Exact repetition, pictures omitted: give every record below again.

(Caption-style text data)
* * * * *

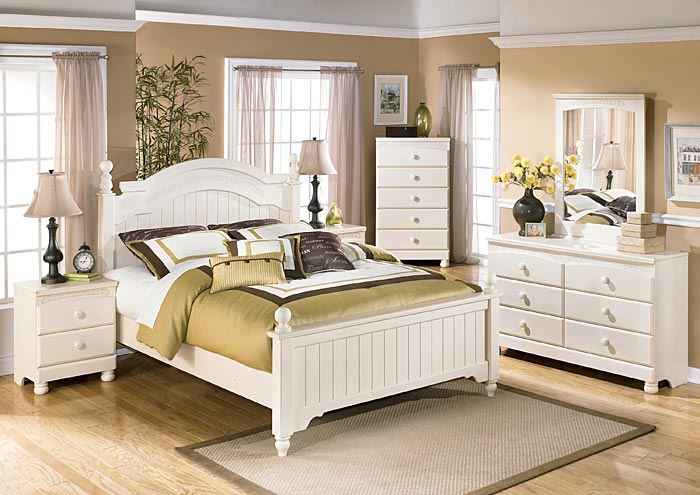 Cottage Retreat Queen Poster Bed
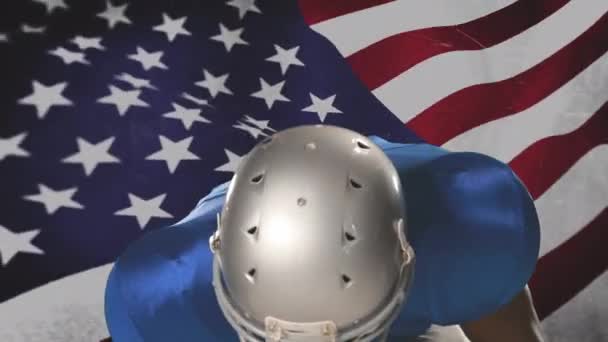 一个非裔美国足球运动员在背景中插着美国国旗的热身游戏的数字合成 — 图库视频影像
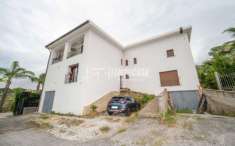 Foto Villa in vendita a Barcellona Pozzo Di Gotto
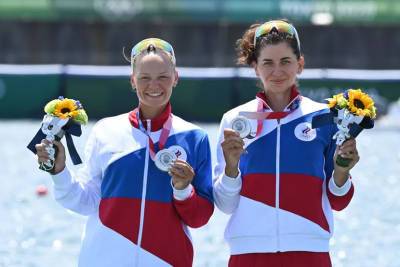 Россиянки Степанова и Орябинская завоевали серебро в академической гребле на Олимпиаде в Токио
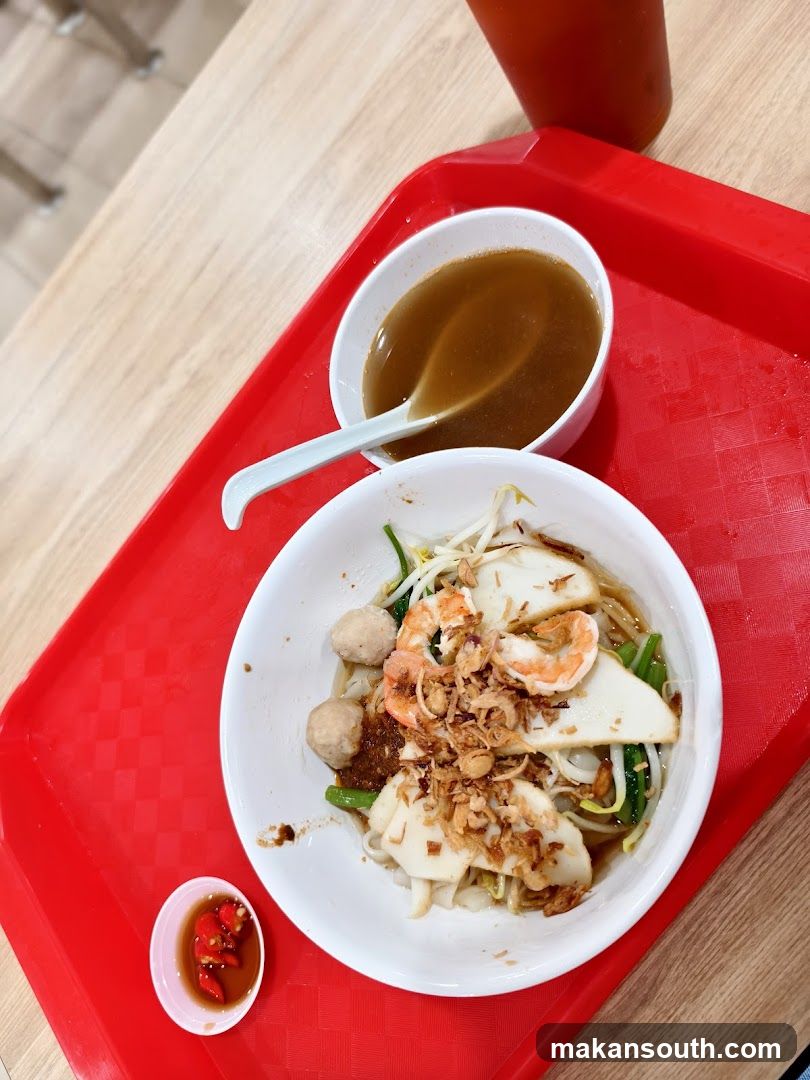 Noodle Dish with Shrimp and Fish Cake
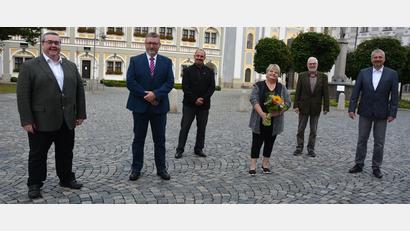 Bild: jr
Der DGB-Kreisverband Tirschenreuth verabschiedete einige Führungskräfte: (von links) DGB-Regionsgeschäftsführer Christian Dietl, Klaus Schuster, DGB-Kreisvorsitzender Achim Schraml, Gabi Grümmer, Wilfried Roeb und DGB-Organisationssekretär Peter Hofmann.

* * * * *

§ **PROBLEM SOLUTION**:
 Cottage Retreat Queen Poster Bed
 一个非裔美国足球运动员在背景中插着美国国旗的热身游戏的数字合成 — 图库视频影像
 Foto Villa in vendita a Barcellona Pozzo Di Gotto
 Россиянки Степанова и Орябинская завоевали серебро в академической гребле на Олимпиаде в Токио
 Noodle Dish with Shrimp and Fish Cake
 Bild: jr
Der DGB-Kreisverband Tirschenreuth verabschiedete einige Führungskräfte: (von links) DGB-Regionsgeschäftsführer Christian Dietl, Klaus Schuster, DGB-Kreisvorsitzender Achim Schraml, Gabi Grümmer, Wilfried Roeb und DGB-Organisationssekretär Peter Hofmann.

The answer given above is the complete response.